PROBLEM REQUIREMENTS. Transcribe exactly the line containing "Mens Slim Fit Striped Poplin Shield Shirt" and each line after it, through the end of the entries, with nothing before or after.

PROVIDED INFORMATION.

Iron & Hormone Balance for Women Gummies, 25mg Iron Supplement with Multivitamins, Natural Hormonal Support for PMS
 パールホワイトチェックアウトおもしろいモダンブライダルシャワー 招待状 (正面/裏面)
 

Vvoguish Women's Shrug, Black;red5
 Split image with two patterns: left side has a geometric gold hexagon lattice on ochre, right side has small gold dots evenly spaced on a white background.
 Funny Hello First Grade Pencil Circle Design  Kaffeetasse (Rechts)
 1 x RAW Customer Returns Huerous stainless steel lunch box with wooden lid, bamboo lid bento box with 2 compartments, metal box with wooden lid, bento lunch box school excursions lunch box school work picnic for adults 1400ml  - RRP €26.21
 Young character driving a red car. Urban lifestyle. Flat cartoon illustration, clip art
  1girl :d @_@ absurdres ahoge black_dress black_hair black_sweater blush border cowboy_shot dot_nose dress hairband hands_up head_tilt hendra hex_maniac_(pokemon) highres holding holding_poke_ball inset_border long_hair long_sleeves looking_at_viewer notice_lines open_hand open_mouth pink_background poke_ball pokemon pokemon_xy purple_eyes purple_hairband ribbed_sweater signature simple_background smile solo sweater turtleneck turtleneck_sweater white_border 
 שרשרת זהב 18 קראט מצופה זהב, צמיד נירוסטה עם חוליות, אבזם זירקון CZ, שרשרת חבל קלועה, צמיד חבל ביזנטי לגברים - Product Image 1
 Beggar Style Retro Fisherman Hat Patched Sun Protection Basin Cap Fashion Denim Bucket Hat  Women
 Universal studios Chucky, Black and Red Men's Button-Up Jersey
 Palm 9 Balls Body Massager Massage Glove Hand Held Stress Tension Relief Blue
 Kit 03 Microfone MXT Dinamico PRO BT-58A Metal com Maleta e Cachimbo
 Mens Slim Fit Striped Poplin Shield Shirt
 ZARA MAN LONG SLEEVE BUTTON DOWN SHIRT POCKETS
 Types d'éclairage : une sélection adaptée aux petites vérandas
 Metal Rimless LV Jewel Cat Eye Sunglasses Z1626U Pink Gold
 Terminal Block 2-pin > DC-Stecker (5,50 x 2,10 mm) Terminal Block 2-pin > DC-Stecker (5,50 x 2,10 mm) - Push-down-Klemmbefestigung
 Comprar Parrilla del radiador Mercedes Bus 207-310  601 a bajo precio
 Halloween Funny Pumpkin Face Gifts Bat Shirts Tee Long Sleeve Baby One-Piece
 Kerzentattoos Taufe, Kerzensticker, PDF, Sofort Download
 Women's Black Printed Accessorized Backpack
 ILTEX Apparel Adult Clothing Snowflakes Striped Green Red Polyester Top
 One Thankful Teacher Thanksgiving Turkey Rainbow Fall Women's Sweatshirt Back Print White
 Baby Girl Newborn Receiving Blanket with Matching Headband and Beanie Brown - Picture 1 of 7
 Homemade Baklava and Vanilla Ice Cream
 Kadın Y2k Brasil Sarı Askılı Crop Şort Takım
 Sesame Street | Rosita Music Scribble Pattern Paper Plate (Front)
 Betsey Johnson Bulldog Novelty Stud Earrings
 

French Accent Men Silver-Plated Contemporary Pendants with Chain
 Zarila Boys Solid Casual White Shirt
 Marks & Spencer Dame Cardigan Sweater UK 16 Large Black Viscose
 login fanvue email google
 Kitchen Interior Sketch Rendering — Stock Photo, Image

SOLUTION FOR THIS EXERCISE.
 Mens Slim Fit Striped Poplin Shield Shirt
 ZARA MAN LONG SLEEVE BUTTON DOWN SHIRT POCKETS
 Types d'éclairage : une sélection adaptée aux petites vérandas
 Metal Rimless LV Jewel Cat Eye Sunglasses Z1626U Pink Gold
 Terminal Block 2-pin > DC-Stecker (5,50 x 2,10 mm) Terminal Block 2-pin > DC-Stecker (5,50 x 2,10 mm) - Push-down-Klemmbefestigung
 Comprar Parrilla del radiador Mercedes Bus 207-310  601 a bajo precio
 Halloween Funny Pumpkin Face Gifts Bat Shirts Tee Long Sleeve Baby One-Piece
 Kerzentattoos Taufe, Kerzensticker, PDF, Sofort Download
 Women's Black Printed Accessorized Backpack
 ILTEX Apparel Adult Clothing Snowflakes Striped Green Red Polyester Top
 One Thankful Teacher Thanksgiving Turkey Rainbow Fall Women's Sweatshirt Back Print White
 Baby Girl Newborn Receiving Blanket with Matching Headband and Beanie Brown - Picture 1 of 7
 Homemade Baklava and Vanilla Ice Cream
 Kadın Y2k Brasil Sarı Askılı Crop Şort Takım
 Sesame Street | Rosita Music Scribble Pattern Paper Plate (Front)
 Betsey Johnson Bulldog Novelty Stud Earrings
 

French Accent Men Silver-Plated Contemporary Pendants with Chain
 Zarila Boys Solid Casual White Shirt
 Marks & Spencer Dame Cardigan Sweater UK 16 Large Black Viscose
 login fanvue email google
 Kitchen Interior Sketch Rendering — Stock Photo, Image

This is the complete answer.